As with so many of the aviation industry’s processes, the digital revolution is shifting documentation and compliance away from traditional pens-and-paper methods towards electronic means. E-compliance and online documentation are the present and future of the industry, but what’s next in terms of technology — and artificial intelligence? We sat down with Paul Sandström, chief operating officer at Web Manuals, to learn more.
Inherently, “compliance within regulatory-heavy industries has always been important,” Sandström tells us. “The aviation industry is no exception and does not shy away from the opportunity to find new ways to enhance control, compliance and agility.”
However, he explains, “The digital transformation megatrend has been speeding up since the introduction of computers and the internet. COVID rapidly increased the velocity of change in terms of digitalisation and accelerated the need for everyone to increase their engagement with the new digital world. Pre-COVID, segments and regions within the aviation industry all moved towards digital compliance, but at a varied pace of urgency. During and after COVID, the whole industry is moving in the same direction, but much faster and with less choice.”
And it’s that choice — or, rather, a set of strategic and tactical choices — that determine the success or failure of digital compliance within organisations.
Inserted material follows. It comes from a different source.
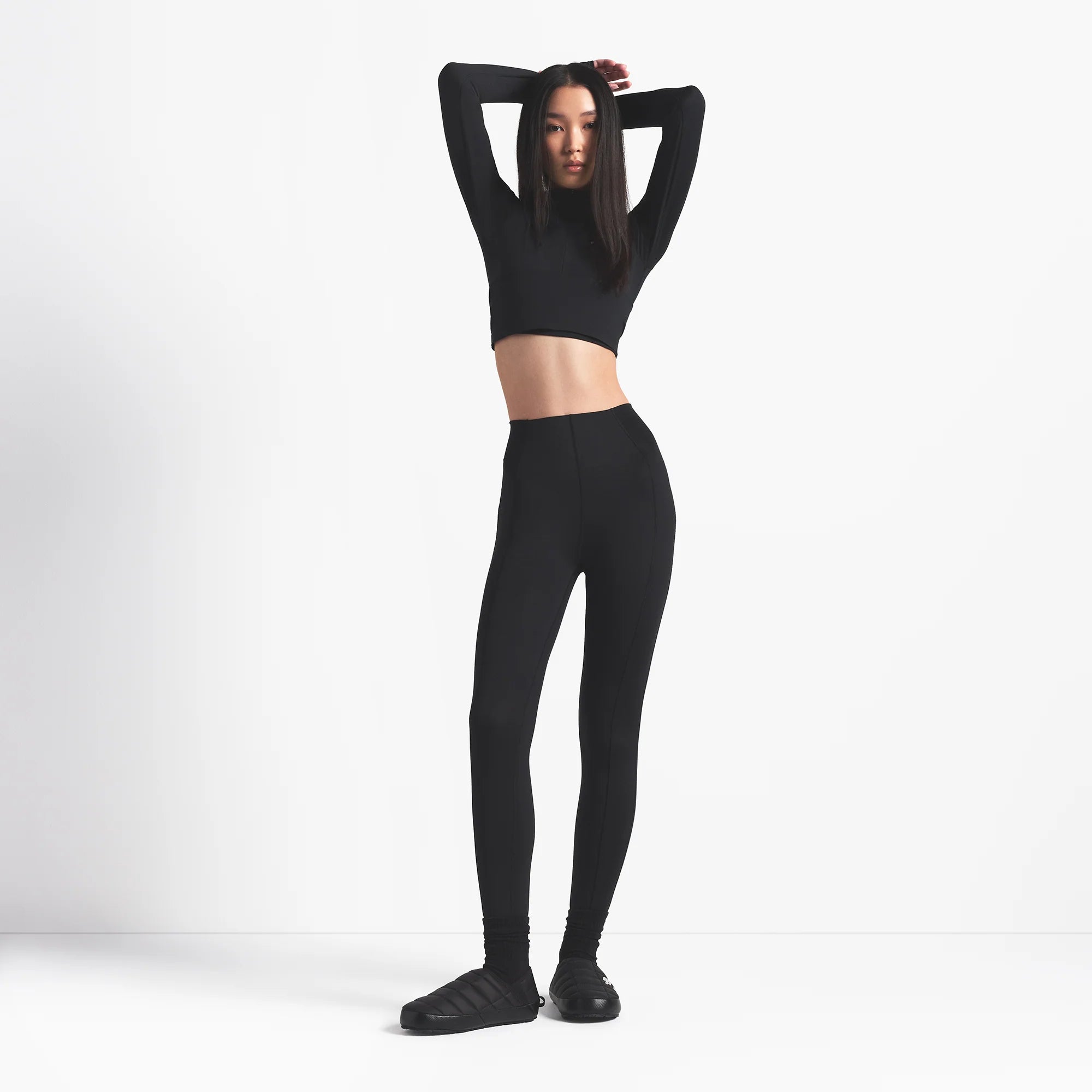 THE NORTH FACE X SKIMS REFINA LEGGING | ONYX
“It’s hard to imagine a new start-up airline without a complete digital strategy. This is something I see as a real positive as it is becoming a more effective industry, but more importantly, it makes aviation safer and more secure,” Sandström says, recommending that companies and organisations “identify the core target values from the digital strategy and review it often. Make a long-term plan and execute accordingly. Rome was not built in a day, so pace yourself. It is better to have fewer but successful initiatives than plenty of half-misses.”
As one example of a digitalisation pillar, artificial intelligence (AI) shows immense promise, but it is still very much in a nascent stage. The benefits for the compliance agenda — pattern recognition is a strong early contender for the benefits of the AI set of technologies — are encouraging, but in a highly regulated arena its adoption needs to be incremental, iterative and verifiable, not least by regulators.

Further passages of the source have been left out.